Figure showing the operation of a thermal dye transfer printer.

The operation of a thermal dye transfer printer.

Unlike displays, the resolution of printers is described in terms of the pixel density instead of the total count of pixels. So a thermal dye transfer printer that has elements spaced 300 per inch across its print head has a resolution of 300 pixels per inch (ppi) across the page. If the resolution along the page is chosen to be the same, we can simply say the printer’s resolution is 300 ppi. An ink-jet printer that places dots on a grid with 1200 grid points per inch is described as having a resolution of 1200 dots per inch (dpi). Because the ink-jet printer is a binary device, it requires a much finer grid for at least two reasons. Because edges are abrupt black/white boundaries, very high resolution is required to avoid stairstepping, or aliasing, from appearing (see Section 8.3). When continuous-tone images are printed, the high resolution is required to simulate intermediate colors by printing varying-density dot patterns called halftones.

3.1.3 Input Devices

Raster images have to come from somewhere, and any image that wasn’t computed by some algorithm has to have been measured by some raster input device, most often a camera or scanner. Even in rendering images of 3D scenes, photographs are used constantly as texture maps (see Chapter 11). A raster input device has to make a light measurement for each pixel, and (like output devices) they are usually based on arrays of sensors.

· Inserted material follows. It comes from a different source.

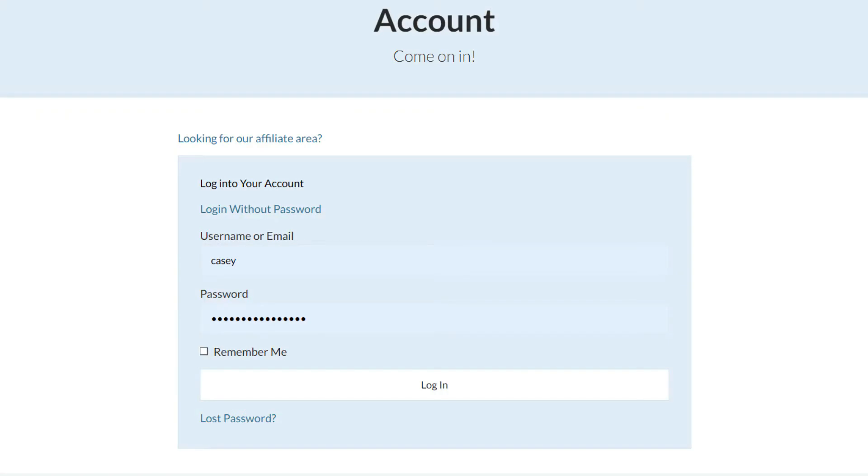To start off, you want to navigate to the GravityView account page. Put your account details in there. I've got mine in there already. And then you want to click Login.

A digital camera is an example of a 2D array input device. The image sensor in a camera is a semiconductor device with a grid of light-sensitive pixels. Two common types of arrays are known as CCDs (charge-coupled devices) and CMOS (complimentary metal–oxide–semiconductor) image sensors. The camera’s lens projects an image of the scene to be photographed onto the sensor, and then each pixel measures the light energy falling on it, ultimately resulting in a number that goes into the output image (Figure 3.7). In much the same way as color displays use red, green, and blue subpixels, most color cameras work by using a color-filter array or mosaic to allow each pixel to see only red, green, or blue light, leaving the image processing software to fill in the missing values in a process known as demosaicking (Figure 3.8).

Figure 3.7

Figure showing the operation of a digital camera.

The operation of a digital camera.

Figure 3.8

Figure showing most color digital cameras use a color-filter array similar to the Bayer mosaic shown here. Each pixel measures either red, green, or blue light.

Most color digital cameras use a color-filter array similar to the Bayer mosaic shown here. Each pixel measures either red, green, or blue light.

Other cameras use three separate arrays, or three separate layers in the array, to measure independent red, green, and blue values at each pixel, producing a usable color image without further processing. The resolution of a camera is determined by the fixed number of pixels in the array and is usually quoted using the total count of pixels: a camera with an array of 3000 columns and 2000 rows produces an image of resolution 3000 × 2000, which has 6 million pixels, and is called a 6 megapixel (MP) camera. It’s important to remember that a mosiac sensor does not measure a complete color image, so a camera that measures the same number of pixels but with independent red, green, and blue measurements records more information about the image than one with a mosaic sensor.

A flatbed scanner also measures red, green, and blue values for each of a grid of pixels, but like a thermal dye transfer printer it uses a 1D array that sweeps across the page being scanned, making many measurements per second. The resolution across the page is fixed by the size of the array, and the resolution along the page is determined by the frequency of measurements compared to the speed at which the scan head moves. A color scanner has a 3 × nx array, where nx is the number of pixels across the page, with the three rows covered by red, green, and blue filters. With an appropriate delay between the times at which the three colors are measured, this allows three independent color measurements at each grid point. As with continuous-tone printers, the resolution of scanners is reported in pixels per inch (ppi).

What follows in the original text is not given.